WHAT THIS TASK INVOLVES: Select from the data all lines with the word "Blood".

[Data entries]
_____
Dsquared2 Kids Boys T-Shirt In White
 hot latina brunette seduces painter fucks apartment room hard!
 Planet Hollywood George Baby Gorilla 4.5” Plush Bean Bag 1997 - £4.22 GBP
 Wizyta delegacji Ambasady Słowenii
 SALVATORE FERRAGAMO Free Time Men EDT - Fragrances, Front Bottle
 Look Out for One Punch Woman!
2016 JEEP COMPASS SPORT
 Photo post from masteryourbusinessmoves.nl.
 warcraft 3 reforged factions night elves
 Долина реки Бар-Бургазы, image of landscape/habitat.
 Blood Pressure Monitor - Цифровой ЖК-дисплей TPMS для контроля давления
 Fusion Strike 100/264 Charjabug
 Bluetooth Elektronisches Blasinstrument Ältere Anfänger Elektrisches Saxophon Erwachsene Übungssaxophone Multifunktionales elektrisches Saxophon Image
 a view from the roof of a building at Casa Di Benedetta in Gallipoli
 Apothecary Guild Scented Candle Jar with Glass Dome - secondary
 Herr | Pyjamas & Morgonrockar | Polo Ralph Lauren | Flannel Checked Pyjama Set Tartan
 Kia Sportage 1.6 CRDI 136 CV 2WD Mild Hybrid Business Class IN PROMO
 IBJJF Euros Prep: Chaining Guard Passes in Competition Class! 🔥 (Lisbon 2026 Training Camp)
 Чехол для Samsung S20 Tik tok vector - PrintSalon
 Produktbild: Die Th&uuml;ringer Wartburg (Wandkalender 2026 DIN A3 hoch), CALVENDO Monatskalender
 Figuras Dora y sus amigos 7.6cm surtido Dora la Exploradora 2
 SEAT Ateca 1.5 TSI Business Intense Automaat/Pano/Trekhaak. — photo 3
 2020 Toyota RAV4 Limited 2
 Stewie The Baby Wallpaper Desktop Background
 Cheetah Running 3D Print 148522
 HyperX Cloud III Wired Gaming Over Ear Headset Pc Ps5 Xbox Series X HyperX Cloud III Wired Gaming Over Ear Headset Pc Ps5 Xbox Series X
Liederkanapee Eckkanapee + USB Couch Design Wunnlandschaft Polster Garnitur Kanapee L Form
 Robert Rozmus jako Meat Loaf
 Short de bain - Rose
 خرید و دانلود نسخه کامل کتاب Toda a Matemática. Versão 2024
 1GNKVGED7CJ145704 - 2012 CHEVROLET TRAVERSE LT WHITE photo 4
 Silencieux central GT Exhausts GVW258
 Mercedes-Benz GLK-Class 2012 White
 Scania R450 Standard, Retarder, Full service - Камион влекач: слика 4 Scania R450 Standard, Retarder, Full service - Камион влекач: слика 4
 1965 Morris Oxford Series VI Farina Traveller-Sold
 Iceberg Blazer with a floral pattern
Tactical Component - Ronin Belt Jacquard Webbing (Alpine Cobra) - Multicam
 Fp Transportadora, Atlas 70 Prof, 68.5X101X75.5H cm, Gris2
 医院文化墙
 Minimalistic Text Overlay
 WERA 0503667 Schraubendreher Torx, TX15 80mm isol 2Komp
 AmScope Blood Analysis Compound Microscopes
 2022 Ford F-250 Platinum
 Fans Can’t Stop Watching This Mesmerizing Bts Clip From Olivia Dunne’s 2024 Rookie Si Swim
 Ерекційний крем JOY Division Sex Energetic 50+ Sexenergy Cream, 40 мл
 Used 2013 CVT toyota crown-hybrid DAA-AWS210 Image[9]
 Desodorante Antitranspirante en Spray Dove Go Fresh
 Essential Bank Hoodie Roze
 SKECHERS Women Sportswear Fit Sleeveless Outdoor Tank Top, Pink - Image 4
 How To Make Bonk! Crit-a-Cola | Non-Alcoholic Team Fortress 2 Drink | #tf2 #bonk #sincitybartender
_____
ANSWER BOX:
 Blood Pressure Monitor - Цифровой ЖК-дисплей TPMS для контроля давления
 AmScope Blood Analysis Compound Microscopes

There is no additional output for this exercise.